An unusually high ratio does not in itself imply a nasty correction is imminent but it can certainly be a warning light, as it indicates either house prices are very elevated and/or there is housing oversupply.
"An unusually high [property value/GDP] ratio does not itself imply a nasty correction but it can certainly be a warning light."
Sharon Zollner, Associate Director & Senior Economist, ANZ NZ
Typically, oversupply leads to a sharper price correction when the market turns. Housing oversupply is certainly not an issue in New Zealand which has experienced very strong population growth. But there is broad agreement house price to income ratios are unsustainably high, particularly in Auckland.
In Australia, house prices have also risen strongly in the past 15 years or so, while oversupply is generally considered to be limited to pockets such as Melbourne apartments.

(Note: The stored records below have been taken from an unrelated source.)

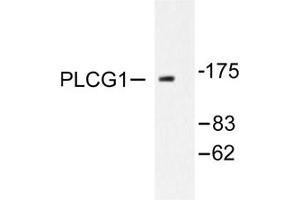 Image no. 2 for anti-phospholipase C, gamma 1 (PLCG1) antibody (ABIN271786) (Phospholipase C gamma 1 antibody)
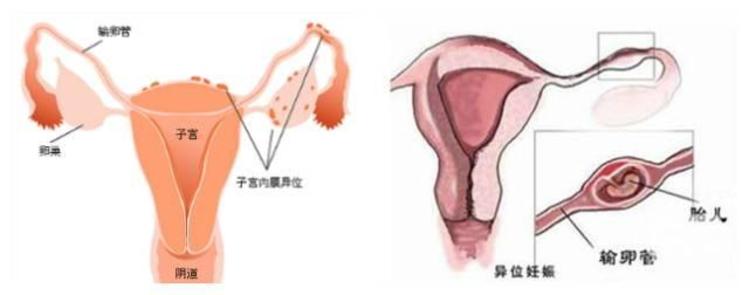 怀孕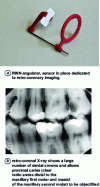 Figure 13 - Rinn angulator and retro-coronary images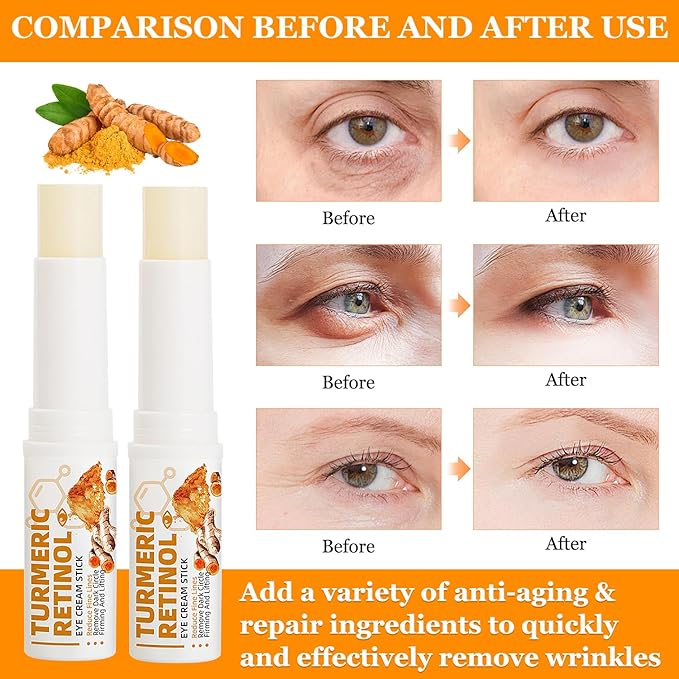 2PCS Eye Bags,Eye Balm Stick Wrinkles,Hydrating for Dark Circle,For Puffiness and Bags Reduces Fine Lines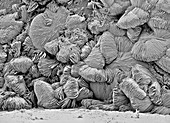 Kidney stone surface, SEM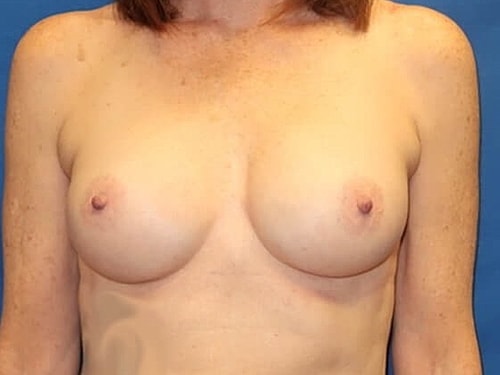 Breast Augmentation Before & After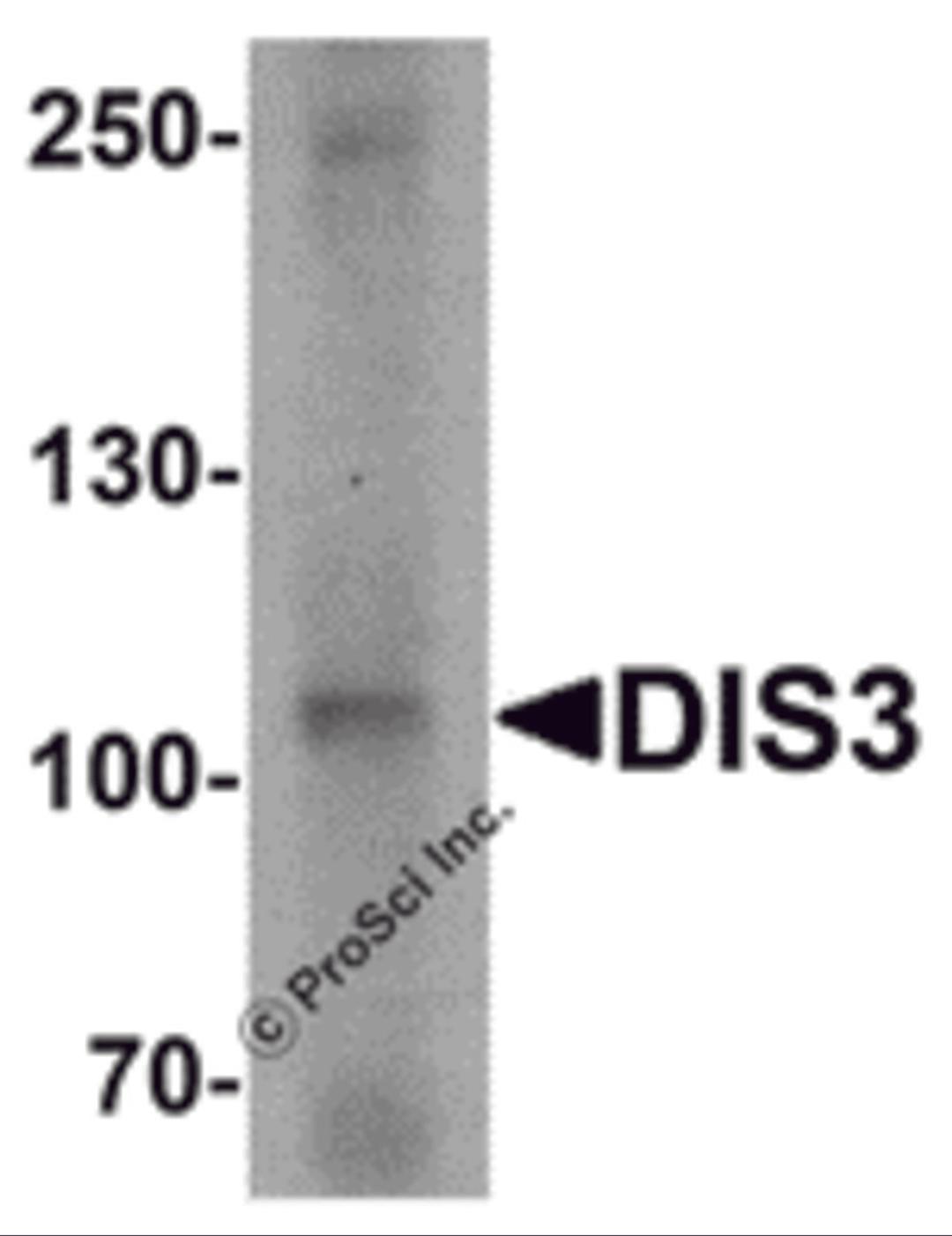 Western blot analysis of DIS3 in human ovary tissue lysate with DIS3 antibody at 1 μg/mL.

The US housing stock peaked at around 200 per cent of nominal GDP before the global financial crisis (oversupply was a widespread problem and house prices then dropped 30 per cent), while in Spain it was around 460per cent before the GFC – house prices subsequently dropped almost 40 per cent.
Spain has a large number of holiday homes owned by foreigners, so would be expected to have a higher ratio on average over time, but oversupply was clearly a significant issue there too. The current UK ratio is around 240 per cent.